Além disso, nem todos se movem por disposição republicana. Uns querem aproveitar a comissão para passar uma lei que cerceie investigações e a divulgação de conteúdos comprometedores. Outros babam ante a possibilidade de descobrir segredos de alcova -e as conseqüentes oportunidades de achaque. Mas há ainda outra razão a conspirar contra o triunfo da CPI.
Violar uma linha telefônica é fácil. Livros e sites ensinam a fazer e a instalar a escuta. Basta escolher o ponto na linha e, como num exame de sangue, puxar o êmbolo. Na telefonia pela internet (VoIP), porém, a voz não viaja em bloco.
Como os fragmentos não seguem uma única rota nem trafegam necessariamente em ordem, é quase impossível fisgar e remontar a conversa. Para piorar, alguns sistemas criptografam as mensagens. A polícia da Alemanha, por exemplo, já admitiu que não sabe o que fazer.

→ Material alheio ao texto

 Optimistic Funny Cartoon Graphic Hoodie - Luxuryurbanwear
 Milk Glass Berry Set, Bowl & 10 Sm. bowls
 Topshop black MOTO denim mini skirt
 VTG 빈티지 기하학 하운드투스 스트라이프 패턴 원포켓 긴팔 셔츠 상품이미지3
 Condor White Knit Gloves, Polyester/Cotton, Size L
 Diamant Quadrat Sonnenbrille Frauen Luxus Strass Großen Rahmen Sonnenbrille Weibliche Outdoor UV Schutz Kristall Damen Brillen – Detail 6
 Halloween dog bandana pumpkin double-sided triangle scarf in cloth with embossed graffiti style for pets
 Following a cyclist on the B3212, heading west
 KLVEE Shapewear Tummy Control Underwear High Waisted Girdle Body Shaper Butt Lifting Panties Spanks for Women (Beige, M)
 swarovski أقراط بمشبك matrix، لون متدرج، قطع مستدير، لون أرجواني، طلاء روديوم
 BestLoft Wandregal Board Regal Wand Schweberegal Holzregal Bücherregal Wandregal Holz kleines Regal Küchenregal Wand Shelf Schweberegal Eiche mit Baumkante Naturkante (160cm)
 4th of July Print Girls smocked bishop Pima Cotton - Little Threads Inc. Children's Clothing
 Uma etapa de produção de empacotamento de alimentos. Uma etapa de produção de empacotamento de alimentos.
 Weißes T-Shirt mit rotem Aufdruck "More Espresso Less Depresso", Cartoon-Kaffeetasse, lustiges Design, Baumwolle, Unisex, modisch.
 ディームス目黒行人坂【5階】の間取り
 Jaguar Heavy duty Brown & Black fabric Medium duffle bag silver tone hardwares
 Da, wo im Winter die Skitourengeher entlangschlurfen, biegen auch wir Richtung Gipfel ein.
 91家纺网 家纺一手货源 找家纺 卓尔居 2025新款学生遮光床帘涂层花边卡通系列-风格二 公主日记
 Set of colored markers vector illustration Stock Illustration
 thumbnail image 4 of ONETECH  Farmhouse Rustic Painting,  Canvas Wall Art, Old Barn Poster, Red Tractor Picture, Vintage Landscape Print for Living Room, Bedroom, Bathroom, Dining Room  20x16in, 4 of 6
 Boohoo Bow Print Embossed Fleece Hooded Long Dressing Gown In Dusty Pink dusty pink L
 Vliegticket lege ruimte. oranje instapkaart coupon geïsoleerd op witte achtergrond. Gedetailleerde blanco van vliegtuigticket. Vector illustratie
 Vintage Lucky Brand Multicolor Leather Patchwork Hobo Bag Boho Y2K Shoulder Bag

A CPI pode dar valiosas contribuições. Dimensionar a indústria da arapongagem -410 mil escutas foram legalmente instaladas no Brasil em 2007. Obrigar juízes a monitorar o andamento das interceptações depois de autorizadas. Impedir o "bacalhau" (grampo de telefone que não é alvo da investigação). Garantir fidelidade na transcrição e edição dos diálogos. Cobrar das teles que protejam melhor a rede e combatam a escuta ilegal.
Mas a verdade é que ela delibera sobre uma realidade que a tecnologia vai deixando para trás. O colarinho branco, em Brasília e fora daqui, aprende a discar pelo Skype.